Any of these deep learning methods require thousands of data records for a model to train and achieve the desired accuracy. The authors of ‘Deep Learning’ book mention a general rule of thumb, that a supervised machine learning algorithm should achieve acceptable performance with around 5,000 labeled examples per category and match human-level performance when trained on at least 10 million labeled examples. Of course, it also depends on particular use cases and algorithms architecture. Sometimes more data isn’t that helpful if you don’t know how to feed it properly into machine learning models. On the other hand, sometimes machine learning techniques won’t add more value than traditional statistical analytics. That’s why it’s essential to assess your level of technical development, look at your goals, and think about possible solutions without AI at first.

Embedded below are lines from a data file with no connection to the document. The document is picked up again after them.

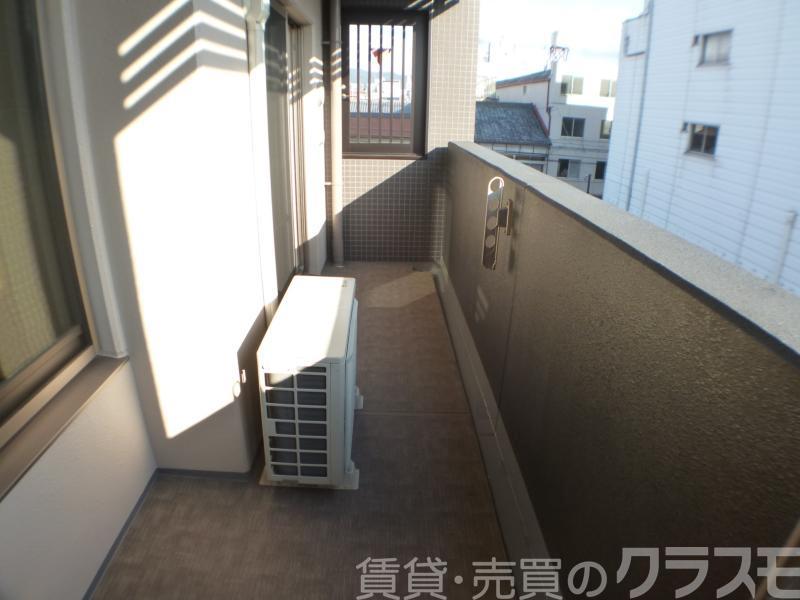 25/30 バルコニー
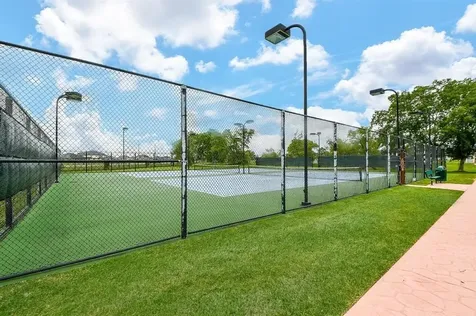 1731 Pampas Trail Drive Friendswood TX 77546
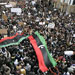 هزاران نفر از مخالفان رژیم معمر قذافی در مقابل ساختمان دادگستری در شهر بنغازی تظاهرات کردند.

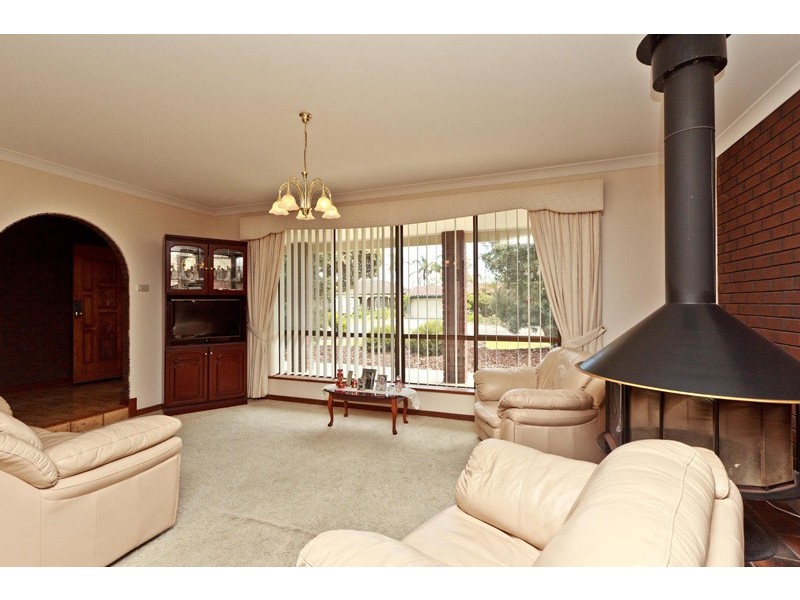 10 Read Court, North Haven SA 5018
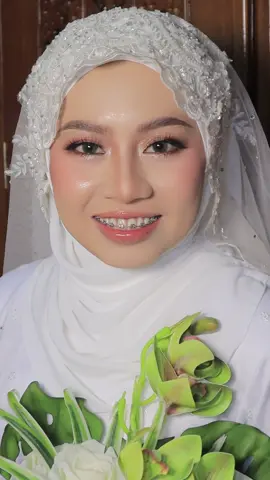 Nikah | Ella 🤍 📍 Kuala Sg Baru , Melaka . . . . Thanks dear sudi hire kita untuk makeup nikah , malam berinai & sanding 🫶🏻🥹 . . . #muamelaka #muaalorgajah #makeupmelakamurah #makeupsandingmelaka #nikah 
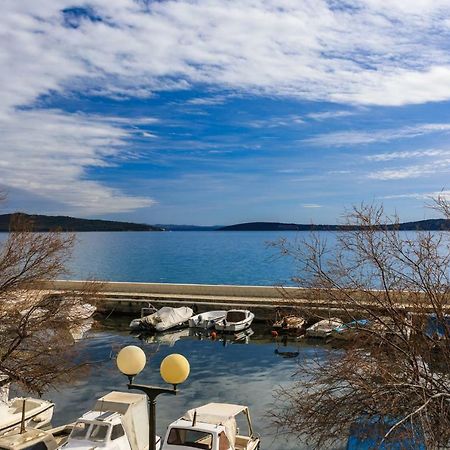 Holiday Home Obrov Kaštela Eksteriør billede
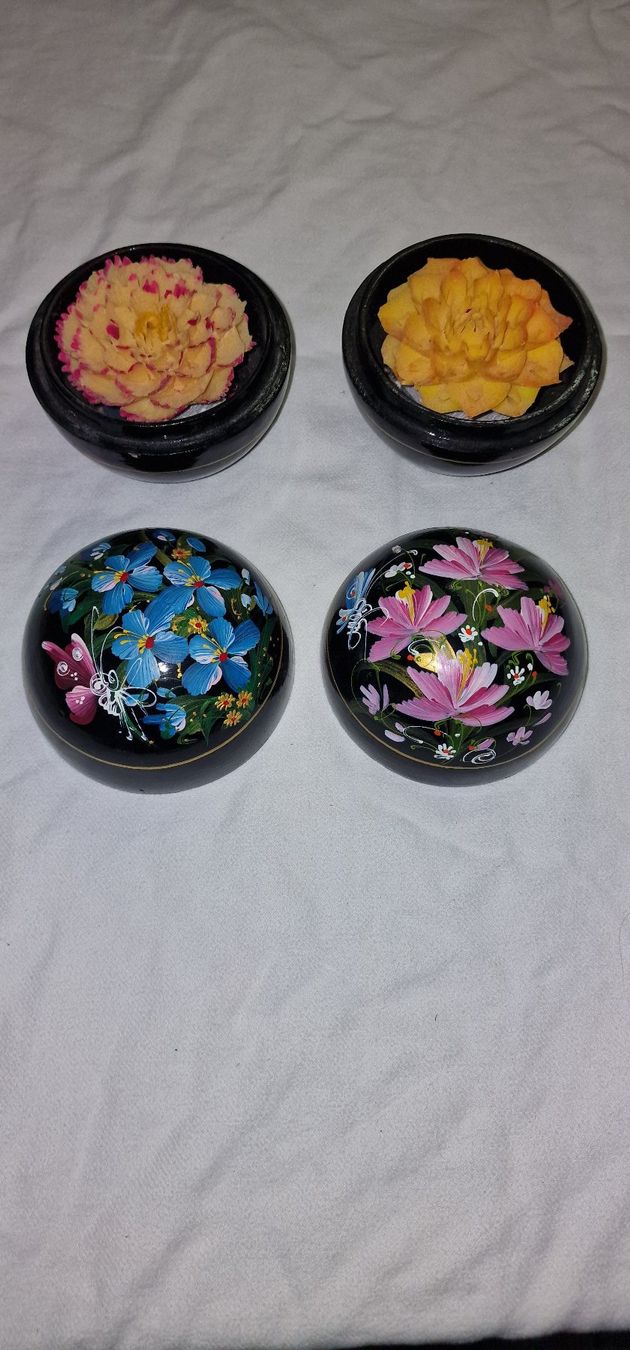 Tutte le decorazioni: Thailändische Seifenblumen 2 Stk – Usato da Flawil venduto da 1343525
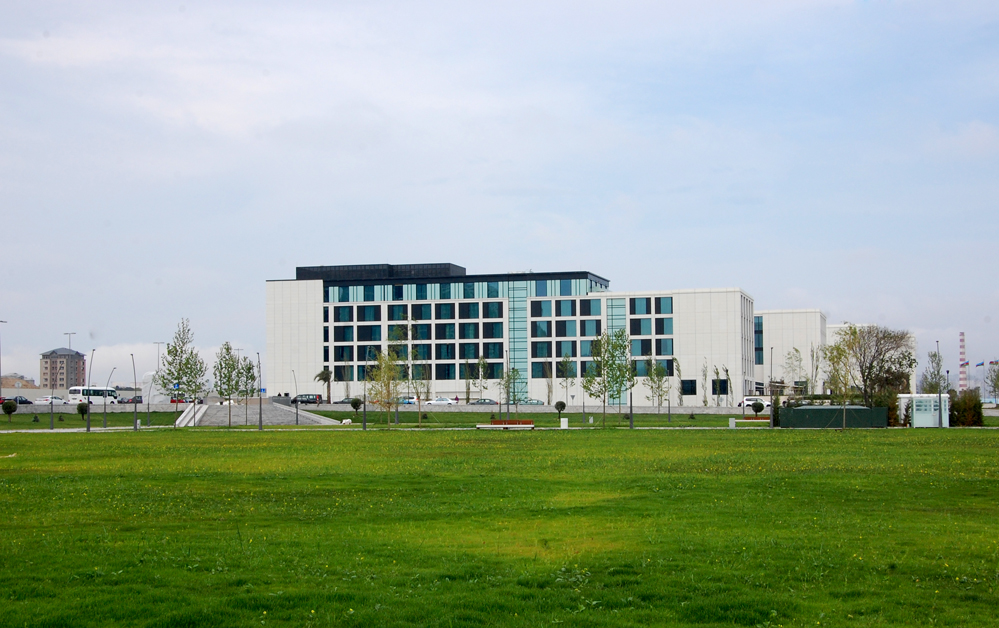 Баку-2015: Прогулка по новому бульвару White City (ФОТО)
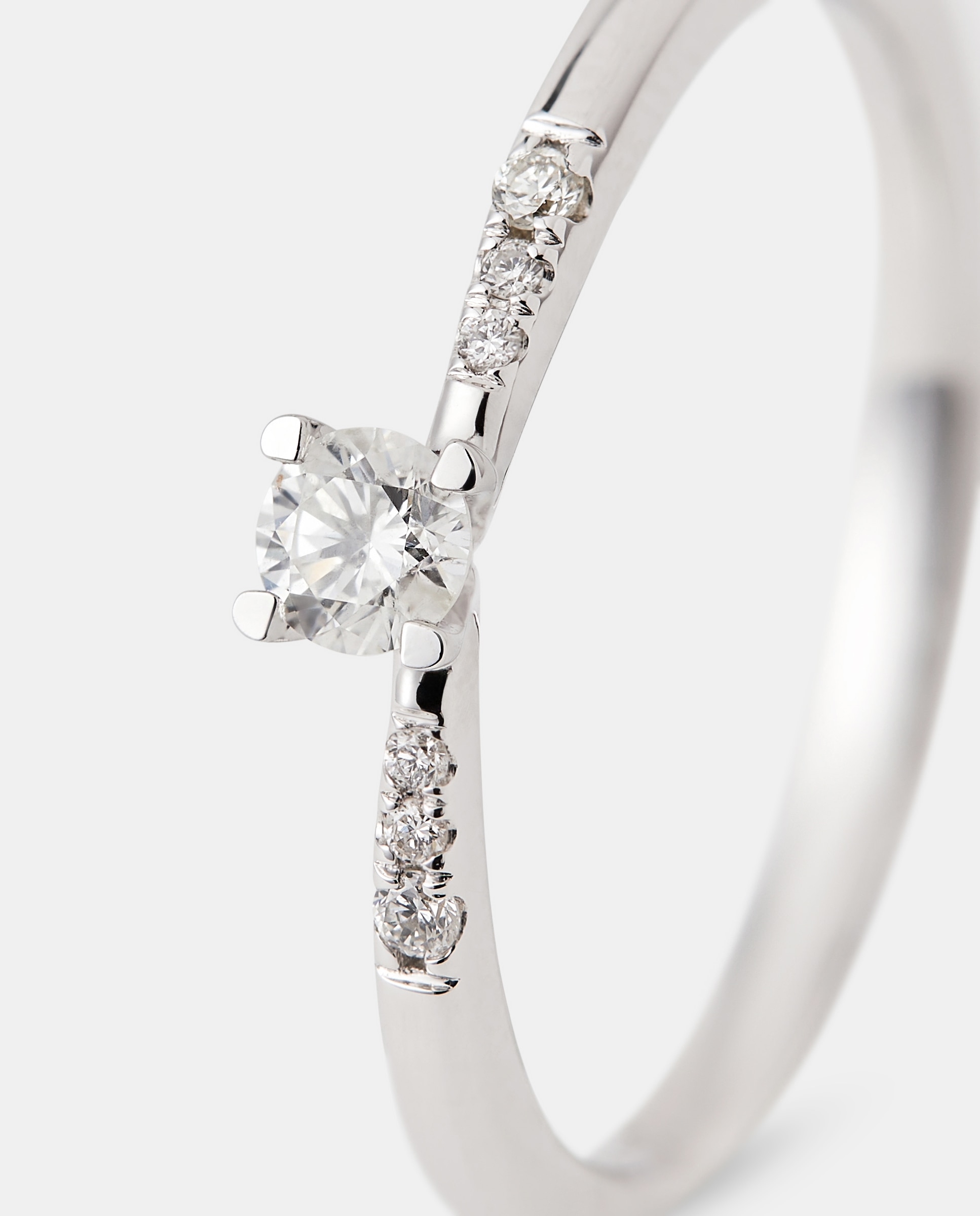 Anel de Ouro com Diamante Solitário Branco-2
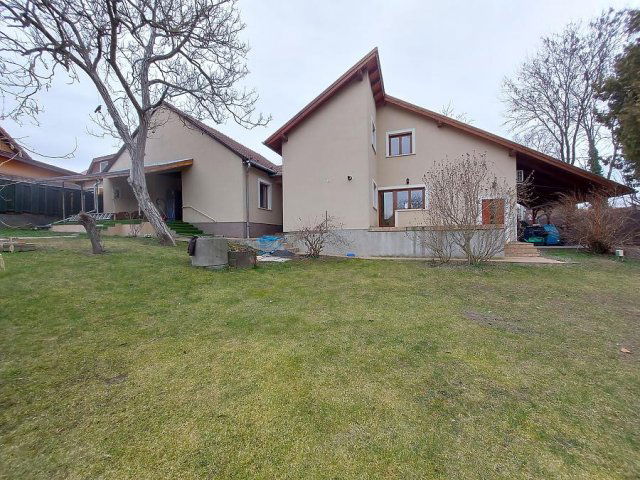 Eladó családi ház, Gödön 129.9 M Ft, 6 szobás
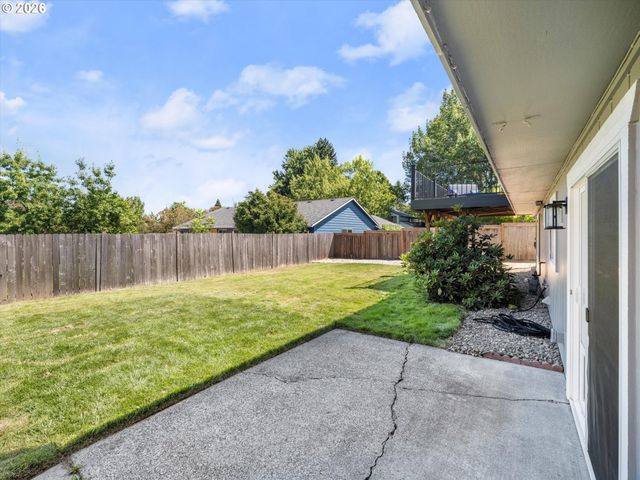 8655 Sw COMANCHE Way, Tualatin, OR 97062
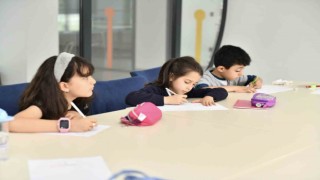 Esenyurtta Çocuk Üniversitesinde çocuklar verimli vakit geçirirken öğreniyor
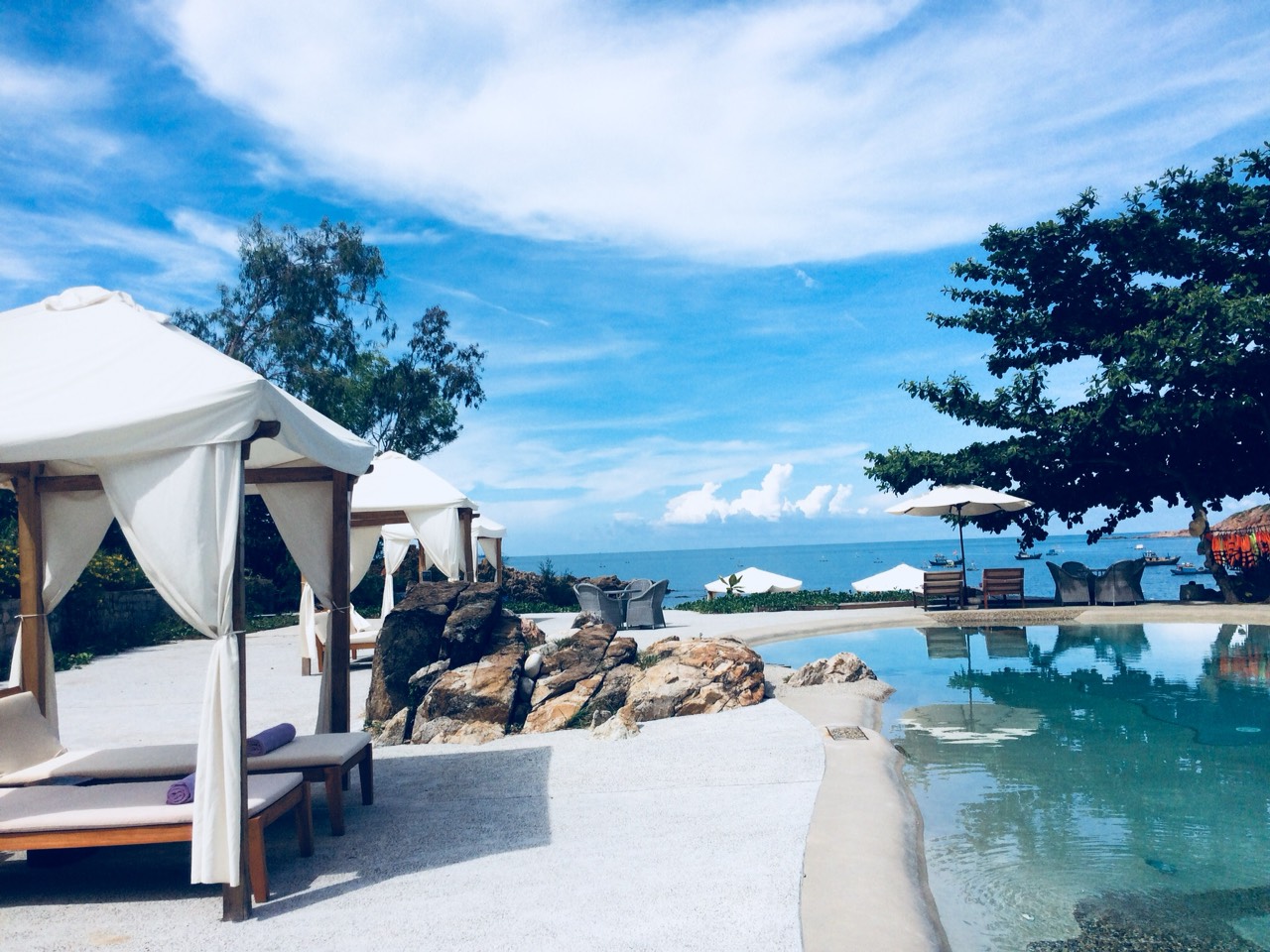 Hồ bơi hướng biển Ảnh: Fanpage Casa Marina Resort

A lot of machine learning models used currently are trained through “supervised learning,” which requires humans to label and categorize the underlying data. Nevertheless, the new methods like ‘one-shot learning’ show that in the future, we won’t need that much data to train effective AI systems. One will need only a small set of labeled data and a good architecture in place. On top of that, autoML might improve AI even further without the need for human supervisors.
All that means that if an organisation wants to adopt AI successfully, it needs to start with assessing its technology stack and start by collecting data at scale. Linking data across various segments (customer, communication channel, platform) as well as controlling whether the right amount of data is given is crucial. A machine learning model can be ‘overfitted’ if it matches too well the test data but doesn’t work in production, or ‘underfitted’ if it fails to capture essential features and thus fails to generalise.